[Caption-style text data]
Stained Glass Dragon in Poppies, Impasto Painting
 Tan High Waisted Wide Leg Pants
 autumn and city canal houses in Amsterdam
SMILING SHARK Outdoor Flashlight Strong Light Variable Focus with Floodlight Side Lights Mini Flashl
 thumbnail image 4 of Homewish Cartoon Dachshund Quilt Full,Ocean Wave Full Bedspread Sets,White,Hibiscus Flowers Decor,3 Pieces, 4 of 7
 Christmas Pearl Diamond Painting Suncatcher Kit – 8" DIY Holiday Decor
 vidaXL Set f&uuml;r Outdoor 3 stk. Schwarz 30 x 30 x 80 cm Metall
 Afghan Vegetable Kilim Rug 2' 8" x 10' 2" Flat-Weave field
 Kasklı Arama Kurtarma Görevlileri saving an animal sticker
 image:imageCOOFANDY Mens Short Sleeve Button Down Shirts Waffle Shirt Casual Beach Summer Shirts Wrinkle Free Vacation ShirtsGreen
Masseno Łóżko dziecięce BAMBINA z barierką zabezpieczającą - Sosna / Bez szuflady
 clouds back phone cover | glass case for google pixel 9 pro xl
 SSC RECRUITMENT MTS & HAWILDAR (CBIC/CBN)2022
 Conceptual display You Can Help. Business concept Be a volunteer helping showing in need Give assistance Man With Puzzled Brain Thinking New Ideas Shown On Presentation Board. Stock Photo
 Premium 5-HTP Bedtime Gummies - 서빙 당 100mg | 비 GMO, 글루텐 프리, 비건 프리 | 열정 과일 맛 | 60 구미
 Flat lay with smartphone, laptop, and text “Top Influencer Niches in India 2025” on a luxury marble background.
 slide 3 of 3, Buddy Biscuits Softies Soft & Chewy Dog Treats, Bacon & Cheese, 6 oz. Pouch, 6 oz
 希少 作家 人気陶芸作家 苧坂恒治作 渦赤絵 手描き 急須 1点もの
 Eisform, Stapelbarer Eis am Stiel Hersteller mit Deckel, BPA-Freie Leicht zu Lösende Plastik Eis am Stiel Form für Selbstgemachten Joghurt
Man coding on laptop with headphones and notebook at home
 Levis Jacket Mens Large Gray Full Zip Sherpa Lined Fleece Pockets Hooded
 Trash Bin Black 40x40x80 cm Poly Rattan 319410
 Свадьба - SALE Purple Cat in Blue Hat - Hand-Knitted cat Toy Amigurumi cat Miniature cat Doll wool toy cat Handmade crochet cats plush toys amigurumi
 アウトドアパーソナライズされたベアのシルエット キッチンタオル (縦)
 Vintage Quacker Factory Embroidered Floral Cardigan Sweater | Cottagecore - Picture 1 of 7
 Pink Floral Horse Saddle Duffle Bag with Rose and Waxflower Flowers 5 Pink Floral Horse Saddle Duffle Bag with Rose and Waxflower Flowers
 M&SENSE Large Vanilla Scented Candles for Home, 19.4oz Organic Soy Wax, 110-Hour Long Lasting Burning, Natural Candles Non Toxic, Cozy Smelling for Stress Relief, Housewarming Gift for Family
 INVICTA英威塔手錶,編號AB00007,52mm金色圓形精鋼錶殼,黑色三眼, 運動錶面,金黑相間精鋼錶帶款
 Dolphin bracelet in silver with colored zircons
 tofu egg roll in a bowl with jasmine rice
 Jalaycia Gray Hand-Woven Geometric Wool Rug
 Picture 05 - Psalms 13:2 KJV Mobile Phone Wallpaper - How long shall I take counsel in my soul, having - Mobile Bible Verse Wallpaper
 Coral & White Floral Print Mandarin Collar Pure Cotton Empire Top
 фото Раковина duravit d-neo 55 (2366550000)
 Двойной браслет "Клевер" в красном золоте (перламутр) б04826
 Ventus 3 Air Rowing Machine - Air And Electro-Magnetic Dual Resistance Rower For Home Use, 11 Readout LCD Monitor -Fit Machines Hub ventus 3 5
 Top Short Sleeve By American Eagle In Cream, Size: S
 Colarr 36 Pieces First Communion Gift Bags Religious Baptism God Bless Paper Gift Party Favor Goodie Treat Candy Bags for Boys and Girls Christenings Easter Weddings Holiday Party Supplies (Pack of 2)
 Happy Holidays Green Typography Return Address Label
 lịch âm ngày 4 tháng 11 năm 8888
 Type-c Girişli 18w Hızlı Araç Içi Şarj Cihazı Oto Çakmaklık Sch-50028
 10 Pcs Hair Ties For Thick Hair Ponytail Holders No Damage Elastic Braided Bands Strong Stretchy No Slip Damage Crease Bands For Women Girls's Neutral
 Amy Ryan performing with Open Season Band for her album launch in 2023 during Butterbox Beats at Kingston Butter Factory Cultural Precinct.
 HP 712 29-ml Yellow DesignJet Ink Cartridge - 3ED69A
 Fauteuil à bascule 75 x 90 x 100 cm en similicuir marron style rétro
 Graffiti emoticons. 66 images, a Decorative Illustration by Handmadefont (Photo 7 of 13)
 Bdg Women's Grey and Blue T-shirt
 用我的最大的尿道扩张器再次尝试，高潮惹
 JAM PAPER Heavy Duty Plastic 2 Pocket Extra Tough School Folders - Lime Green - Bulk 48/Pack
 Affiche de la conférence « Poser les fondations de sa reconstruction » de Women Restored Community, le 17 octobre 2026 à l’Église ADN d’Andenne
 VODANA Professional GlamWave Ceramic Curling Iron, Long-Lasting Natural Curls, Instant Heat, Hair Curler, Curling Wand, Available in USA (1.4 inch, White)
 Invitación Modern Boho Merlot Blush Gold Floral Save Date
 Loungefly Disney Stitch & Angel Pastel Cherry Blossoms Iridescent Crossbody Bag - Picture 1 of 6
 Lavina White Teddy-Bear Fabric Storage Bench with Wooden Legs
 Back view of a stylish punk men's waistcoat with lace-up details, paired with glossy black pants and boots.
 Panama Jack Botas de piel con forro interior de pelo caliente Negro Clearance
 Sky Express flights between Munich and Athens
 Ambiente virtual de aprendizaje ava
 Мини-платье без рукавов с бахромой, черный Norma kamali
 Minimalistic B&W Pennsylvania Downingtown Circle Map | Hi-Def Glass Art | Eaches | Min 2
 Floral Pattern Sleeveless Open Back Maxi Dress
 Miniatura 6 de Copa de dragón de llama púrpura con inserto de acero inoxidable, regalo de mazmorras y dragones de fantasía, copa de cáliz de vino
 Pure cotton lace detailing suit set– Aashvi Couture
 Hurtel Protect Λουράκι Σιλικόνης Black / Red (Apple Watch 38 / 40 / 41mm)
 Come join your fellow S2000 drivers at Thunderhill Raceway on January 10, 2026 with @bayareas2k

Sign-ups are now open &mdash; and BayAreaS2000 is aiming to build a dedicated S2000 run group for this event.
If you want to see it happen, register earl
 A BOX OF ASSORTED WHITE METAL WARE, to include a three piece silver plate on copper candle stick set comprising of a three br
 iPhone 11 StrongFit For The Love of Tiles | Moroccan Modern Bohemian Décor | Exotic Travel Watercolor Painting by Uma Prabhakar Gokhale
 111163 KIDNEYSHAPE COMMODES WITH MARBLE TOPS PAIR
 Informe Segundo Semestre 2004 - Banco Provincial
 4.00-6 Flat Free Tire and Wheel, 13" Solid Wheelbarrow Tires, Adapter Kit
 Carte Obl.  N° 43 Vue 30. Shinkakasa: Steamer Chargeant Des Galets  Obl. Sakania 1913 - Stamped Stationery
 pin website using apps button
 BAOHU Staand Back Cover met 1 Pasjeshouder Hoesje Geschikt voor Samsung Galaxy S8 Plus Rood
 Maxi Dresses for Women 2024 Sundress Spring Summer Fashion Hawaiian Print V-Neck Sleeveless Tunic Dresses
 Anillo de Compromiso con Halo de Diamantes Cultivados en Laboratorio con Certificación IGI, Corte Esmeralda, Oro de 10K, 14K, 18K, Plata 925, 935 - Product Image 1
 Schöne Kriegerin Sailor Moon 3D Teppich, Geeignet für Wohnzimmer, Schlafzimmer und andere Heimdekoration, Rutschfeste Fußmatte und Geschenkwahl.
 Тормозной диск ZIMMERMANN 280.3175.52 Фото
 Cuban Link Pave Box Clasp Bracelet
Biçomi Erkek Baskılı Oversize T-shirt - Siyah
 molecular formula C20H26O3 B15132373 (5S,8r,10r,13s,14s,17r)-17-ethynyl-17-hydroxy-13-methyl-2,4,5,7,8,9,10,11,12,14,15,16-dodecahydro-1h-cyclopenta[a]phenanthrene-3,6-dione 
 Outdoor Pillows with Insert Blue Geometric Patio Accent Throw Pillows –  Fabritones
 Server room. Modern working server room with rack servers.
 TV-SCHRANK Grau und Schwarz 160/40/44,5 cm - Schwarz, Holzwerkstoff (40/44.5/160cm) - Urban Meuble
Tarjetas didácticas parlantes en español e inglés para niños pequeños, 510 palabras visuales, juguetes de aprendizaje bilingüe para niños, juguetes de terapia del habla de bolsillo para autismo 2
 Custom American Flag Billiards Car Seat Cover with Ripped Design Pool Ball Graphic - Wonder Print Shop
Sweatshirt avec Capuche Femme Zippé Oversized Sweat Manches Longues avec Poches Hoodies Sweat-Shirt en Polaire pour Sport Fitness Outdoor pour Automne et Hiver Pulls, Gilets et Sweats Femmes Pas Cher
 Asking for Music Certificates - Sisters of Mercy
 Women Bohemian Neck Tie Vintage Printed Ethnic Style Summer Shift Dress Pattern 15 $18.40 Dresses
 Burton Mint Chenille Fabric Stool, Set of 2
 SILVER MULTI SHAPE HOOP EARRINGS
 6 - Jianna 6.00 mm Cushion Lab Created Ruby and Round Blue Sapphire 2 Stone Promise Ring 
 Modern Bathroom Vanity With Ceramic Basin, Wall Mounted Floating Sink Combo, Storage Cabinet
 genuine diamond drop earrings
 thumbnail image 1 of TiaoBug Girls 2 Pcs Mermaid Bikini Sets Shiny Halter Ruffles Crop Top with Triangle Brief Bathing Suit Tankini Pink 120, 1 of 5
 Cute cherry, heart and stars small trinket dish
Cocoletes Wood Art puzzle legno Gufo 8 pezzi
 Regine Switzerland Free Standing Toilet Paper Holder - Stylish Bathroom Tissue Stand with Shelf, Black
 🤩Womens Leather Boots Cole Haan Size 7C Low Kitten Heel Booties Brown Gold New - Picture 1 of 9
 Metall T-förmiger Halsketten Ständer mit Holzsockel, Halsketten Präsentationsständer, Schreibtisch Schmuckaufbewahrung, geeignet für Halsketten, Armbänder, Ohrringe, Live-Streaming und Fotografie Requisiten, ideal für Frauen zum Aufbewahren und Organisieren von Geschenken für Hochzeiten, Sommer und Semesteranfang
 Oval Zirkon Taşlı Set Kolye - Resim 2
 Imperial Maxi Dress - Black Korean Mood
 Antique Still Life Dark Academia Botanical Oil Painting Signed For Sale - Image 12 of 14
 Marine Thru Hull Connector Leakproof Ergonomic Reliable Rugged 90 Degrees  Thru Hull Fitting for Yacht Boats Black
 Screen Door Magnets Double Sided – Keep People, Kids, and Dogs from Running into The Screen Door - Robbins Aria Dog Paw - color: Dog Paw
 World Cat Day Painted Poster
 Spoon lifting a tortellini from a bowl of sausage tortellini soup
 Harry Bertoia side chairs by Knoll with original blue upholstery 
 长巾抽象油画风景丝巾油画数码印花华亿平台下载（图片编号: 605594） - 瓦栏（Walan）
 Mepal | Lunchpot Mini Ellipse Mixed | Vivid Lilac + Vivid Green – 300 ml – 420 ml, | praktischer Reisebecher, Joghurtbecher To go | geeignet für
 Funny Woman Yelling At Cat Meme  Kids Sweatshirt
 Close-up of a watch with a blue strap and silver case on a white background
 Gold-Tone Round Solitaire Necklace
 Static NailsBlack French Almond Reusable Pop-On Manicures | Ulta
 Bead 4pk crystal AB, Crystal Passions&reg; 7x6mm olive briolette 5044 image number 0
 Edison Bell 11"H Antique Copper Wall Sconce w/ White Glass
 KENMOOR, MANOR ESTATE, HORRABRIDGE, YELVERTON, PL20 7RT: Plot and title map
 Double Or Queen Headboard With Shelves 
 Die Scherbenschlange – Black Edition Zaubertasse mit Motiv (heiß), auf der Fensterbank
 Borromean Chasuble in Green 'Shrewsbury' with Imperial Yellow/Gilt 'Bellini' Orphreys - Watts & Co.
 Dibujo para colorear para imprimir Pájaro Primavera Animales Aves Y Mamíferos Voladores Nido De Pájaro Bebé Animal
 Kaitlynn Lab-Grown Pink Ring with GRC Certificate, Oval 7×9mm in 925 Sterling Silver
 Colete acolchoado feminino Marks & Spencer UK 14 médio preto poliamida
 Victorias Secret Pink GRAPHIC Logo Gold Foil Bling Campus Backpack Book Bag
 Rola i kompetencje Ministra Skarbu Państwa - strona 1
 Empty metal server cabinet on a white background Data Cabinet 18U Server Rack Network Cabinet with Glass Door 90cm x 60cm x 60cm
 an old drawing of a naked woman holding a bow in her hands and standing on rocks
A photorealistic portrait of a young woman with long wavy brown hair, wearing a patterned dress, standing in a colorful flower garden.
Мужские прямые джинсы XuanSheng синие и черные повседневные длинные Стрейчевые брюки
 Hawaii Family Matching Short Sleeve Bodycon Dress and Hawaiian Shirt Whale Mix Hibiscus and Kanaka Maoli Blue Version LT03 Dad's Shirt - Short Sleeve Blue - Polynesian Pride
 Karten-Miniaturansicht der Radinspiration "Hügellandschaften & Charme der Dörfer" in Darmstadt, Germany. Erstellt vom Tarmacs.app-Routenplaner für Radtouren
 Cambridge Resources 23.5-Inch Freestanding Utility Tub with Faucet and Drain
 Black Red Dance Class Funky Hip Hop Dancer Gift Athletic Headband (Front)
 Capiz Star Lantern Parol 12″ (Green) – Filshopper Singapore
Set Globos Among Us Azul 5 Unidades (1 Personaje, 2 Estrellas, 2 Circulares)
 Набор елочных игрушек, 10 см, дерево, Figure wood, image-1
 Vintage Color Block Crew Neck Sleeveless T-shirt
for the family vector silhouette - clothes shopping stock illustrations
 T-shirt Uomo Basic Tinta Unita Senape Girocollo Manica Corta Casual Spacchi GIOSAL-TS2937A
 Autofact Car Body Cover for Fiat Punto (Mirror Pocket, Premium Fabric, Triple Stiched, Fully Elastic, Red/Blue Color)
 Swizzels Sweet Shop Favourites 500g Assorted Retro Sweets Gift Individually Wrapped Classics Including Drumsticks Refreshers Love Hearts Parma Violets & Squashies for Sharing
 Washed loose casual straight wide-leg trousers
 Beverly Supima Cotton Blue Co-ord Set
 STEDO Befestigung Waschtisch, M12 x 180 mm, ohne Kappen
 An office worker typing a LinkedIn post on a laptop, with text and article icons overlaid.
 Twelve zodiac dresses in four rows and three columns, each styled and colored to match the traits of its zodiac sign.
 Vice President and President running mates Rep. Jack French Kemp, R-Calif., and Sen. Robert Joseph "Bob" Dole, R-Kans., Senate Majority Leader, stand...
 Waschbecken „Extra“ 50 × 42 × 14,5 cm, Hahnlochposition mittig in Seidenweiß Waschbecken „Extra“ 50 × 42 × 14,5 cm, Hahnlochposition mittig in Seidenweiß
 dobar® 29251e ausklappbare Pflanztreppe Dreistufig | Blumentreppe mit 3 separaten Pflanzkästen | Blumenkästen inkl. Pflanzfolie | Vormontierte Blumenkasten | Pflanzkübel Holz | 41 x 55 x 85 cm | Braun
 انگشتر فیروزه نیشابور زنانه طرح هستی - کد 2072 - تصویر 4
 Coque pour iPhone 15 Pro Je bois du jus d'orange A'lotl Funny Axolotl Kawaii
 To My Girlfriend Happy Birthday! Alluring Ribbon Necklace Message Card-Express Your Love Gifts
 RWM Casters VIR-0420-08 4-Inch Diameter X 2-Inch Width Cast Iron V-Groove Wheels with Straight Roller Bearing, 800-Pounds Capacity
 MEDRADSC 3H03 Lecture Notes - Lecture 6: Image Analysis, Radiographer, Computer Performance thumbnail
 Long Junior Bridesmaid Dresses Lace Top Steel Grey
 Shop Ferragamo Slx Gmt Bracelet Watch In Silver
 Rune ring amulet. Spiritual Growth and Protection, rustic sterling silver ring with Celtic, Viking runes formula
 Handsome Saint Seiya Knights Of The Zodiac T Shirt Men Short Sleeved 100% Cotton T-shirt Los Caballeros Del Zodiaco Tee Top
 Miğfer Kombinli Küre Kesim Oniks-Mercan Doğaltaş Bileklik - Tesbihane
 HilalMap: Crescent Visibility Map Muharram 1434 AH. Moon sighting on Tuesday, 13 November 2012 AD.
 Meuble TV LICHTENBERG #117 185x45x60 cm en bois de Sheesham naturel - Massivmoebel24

▸ **WHAT IS BEING ASKED**: Look through the records above for the string "iPhone", then copy every line that has it.

▸ **COMPLETED TASK**:
 iPhone 11 StrongFit For The Love of Tiles | Moroccan Modern Bohemian Décor | Exotic Travel Watercolor Painting by Uma Prabhakar Gokhale
 Coque pour iPhone 15 Pro Je bois du jus d'orange A'lotl Funny Axolotl Kawaii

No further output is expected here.